Re: [OMPI devel] Hang in collectives involving shared memory

2009-06-10 Thread Ashley Pittman
On Wed, 2009-06-10 at 09:07 -0600, Ralph Castain wrote:
> Hi Ashley
> 
> Thanks! I would definitely be interested and will look at the tool.

Great.  My plan was to introduce the tool to this list today or tomorrow
anyway but this problem falls right it's it's target area so I brought
it up early.

>  Meantime, I have filed a bunch of data on this in ticket #1944, so
> perhaps you might take a glance at that and offer some thoughts?
> 
> https://svn.open-mpi.org/trac/ompi/ticket/1944

One thing that springs to mind is does the fortran reproducer hang on
other machines if you use the same process geometry.  That would tell us
if we are looking for a pure OpenMPI problem or a wider issue,
potentially eliminating any questions about numa memory layout.

> Will be back after I look at the tool.

Ashley,

-- 

Ashley Pittman, Bath, UK.

Padb - A parallel job inspection tool for cluster computing
http://padb.pittman.org.uk



Re: [OMPI devel] Hang in collectives involving shared memory

2009-06-10 Thread Sylvain Jeaugey
Hum, very glad that padb works with Open MPI, I couldn't live without it. 
In my opinion, the best debug tool for parallel applications, and more 
importantly, the only one that scales.


About the issue, I couldn't reproduce it on my platform (tried 2 nodes 
with 2 to 8 processes each, nodes are twin 2.93 GHz Nehalem, IB is 
Mellanox QDR).


So my feeling about that is that is may be very hardware related. 
Especially if you use the hierarch component, some transactions will be 
done through RDMA on one side and read directly through shared memory on 
the other side, which can, depending on the hardware, produce very 
different timings and bugs. Did you try with a different collective 
component (i.e. not hierarch) ? Or with another interconnect ? [Yes, of 
course, if it is a race condition, we might well avoid the bug because 
timings will be different, but that's still information]
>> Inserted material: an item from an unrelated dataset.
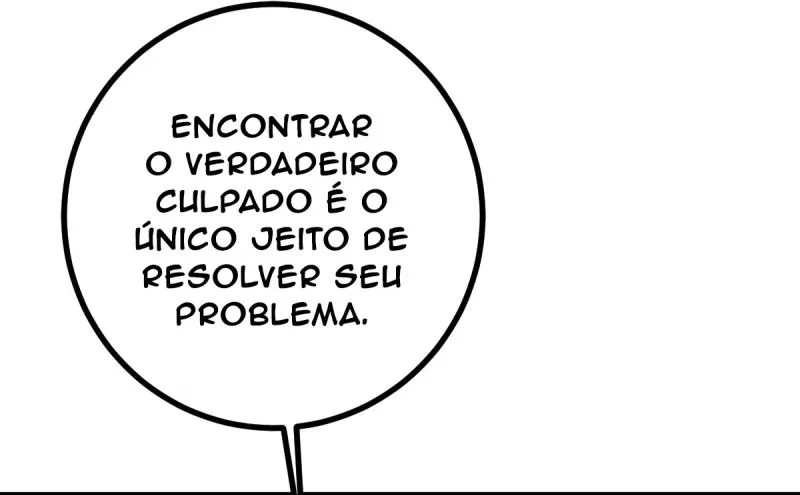 Deus do Apocalipse Capítulo 7 Página 50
Perhaps all what I'm saying makes no sense or you already thought about 
this, anyway, if you want me to try different things, just let me know.


Sylvain

On Wed, 10 Jun 2009, Ralph Castain wrote:


Hi Ashley

Thanks! I would definitely be interested and will look at the tool. Meantime, I 
have filed a bunch of data on this in
ticket #1944, so perhaps you might take a glance at that and offer some 
thoughts?

https://svn.open-mpi.org/trac/ompi/ticket/1944

Will be back after I look at the tool.

Thanks again
Ralph


On Wed, Jun 10, 2009 at 8:51 AM, Ashley Pittman  wrote:

  Ralph,

  If I may say this is exactly the type of problem the tool I have been
  working on recently aims to help with and I'd be happy to help you
  through it.

  Firstly I'd say of the three collectives you mention, MPI_Allgather,
  MPI_Reduce and MPI_Bcast one exhibit a many-to-many, one a many-to-one
  and the last a many-to-one communication pattern.  The scenario of a
  root process falling behind and getting swamped in comms is a plausible
  one for MPI_Reduce only but doesn't hold water with the other two.  You
  also don't mention if the loop is over a single collective or if you
  have loop calling a number of different collectives each iteration.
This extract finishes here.